Crawled caption data =>
———
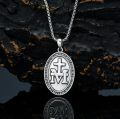 wholesale 925 Sterling Silver Virgin Mary Pendant Necklace With Rhinestones And Cross-0-4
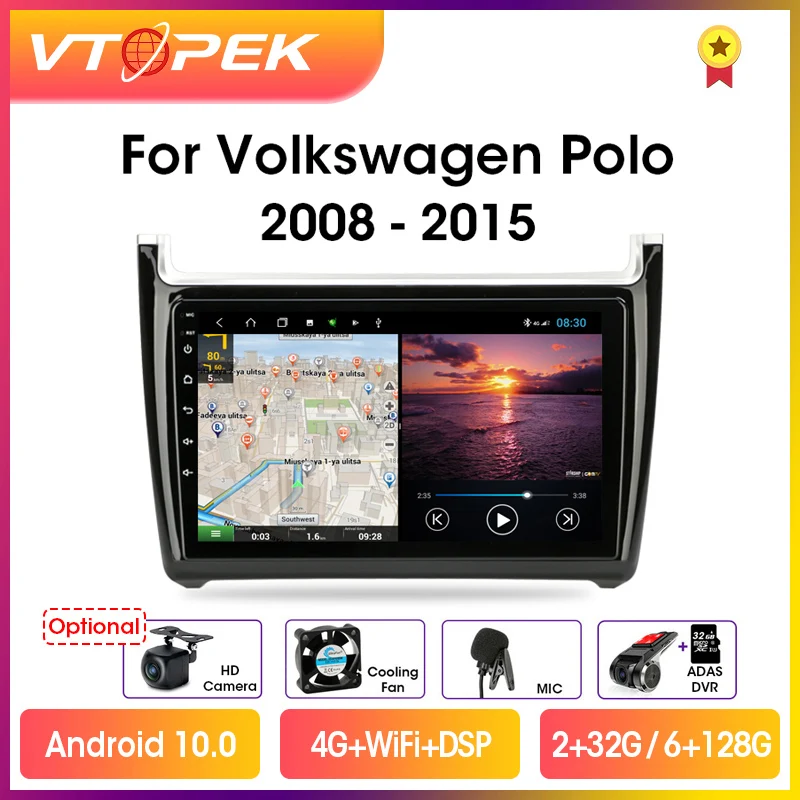 Автомобильная Мультимедийная система Vtopek автомагнитола на Android 10 0 с 9 &quotэкраном 4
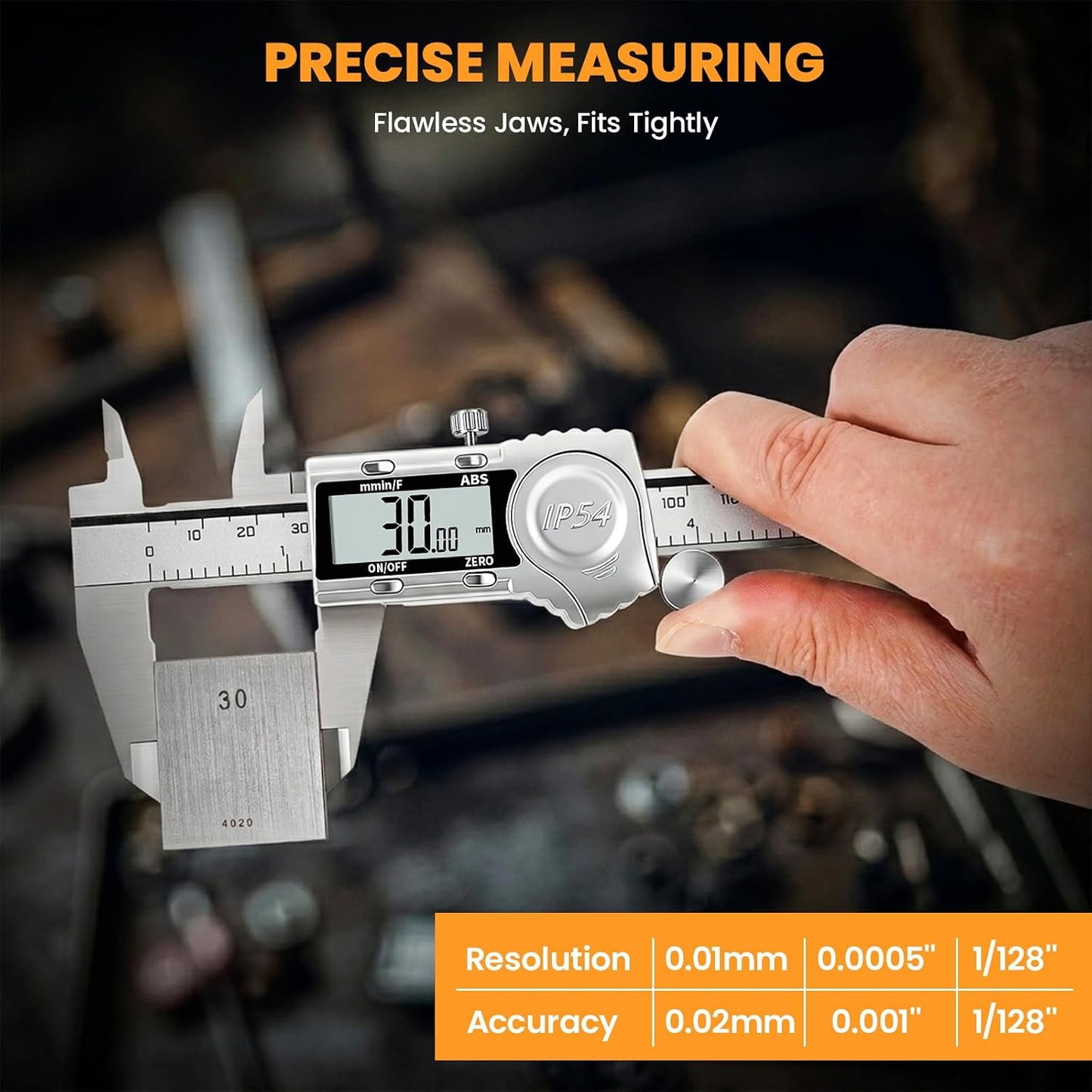 HARDELL Digital Caliper, IP54 Calipers with ABS Function, All-Metal Digital Micrometer Auto-Off, 6 Inch Micrometer Caliper Digital, Inch/MM/Fraction for 3D Printing & DIY (2 Spare Batteries)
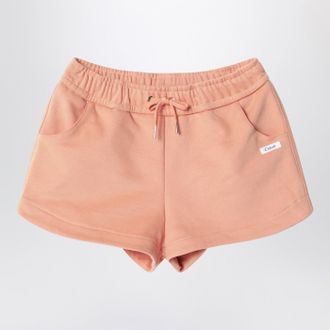 Chlo&eacute; Shorts color albicocca in cotone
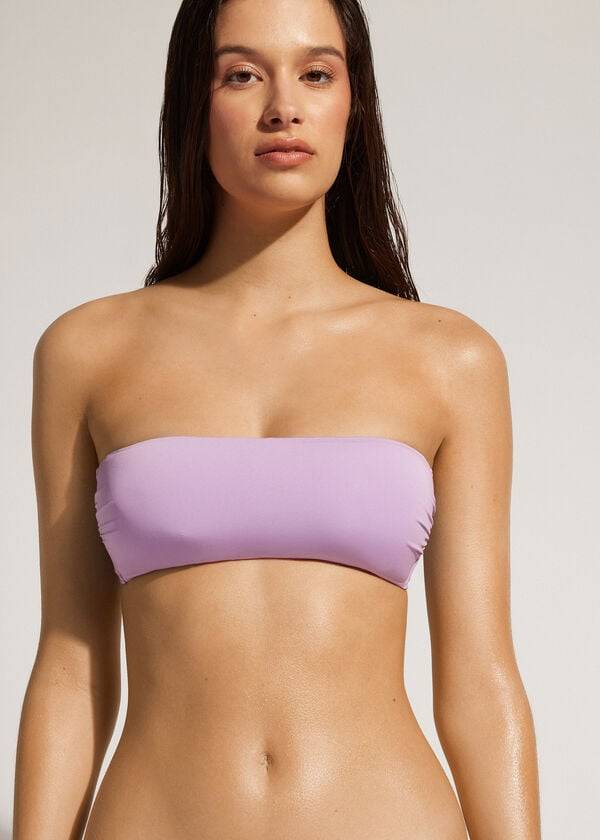 calzedonia padded bandeau indonesia eco strapless bikini tops donna viola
———
Problem to work on => A verbatim reproduction of each entry is expected, with every picture omitted.

Response box =>
 wholesale 925 Sterling Silver Virgin Mary Pendant Necklace With Rhinestones And Cross-0-4
 Автомобильная Мультимедийная система Vtopek автомагнитола на Android 10 0 с 9 &quotэкраном 4
 HARDELL Digital Caliper, IP54 Calipers with ABS Function, All-Metal Digital Micrometer Auto-Off, 6 Inch Micrometer Caliper Digital, Inch/MM/Fraction for 3D Printing & DIY (2 Spare Batteries)
 Chlo&eacute; Shorts color albicocca in cotone
 calzedonia padded bandeau indonesia eco strapless bikini tops donna viola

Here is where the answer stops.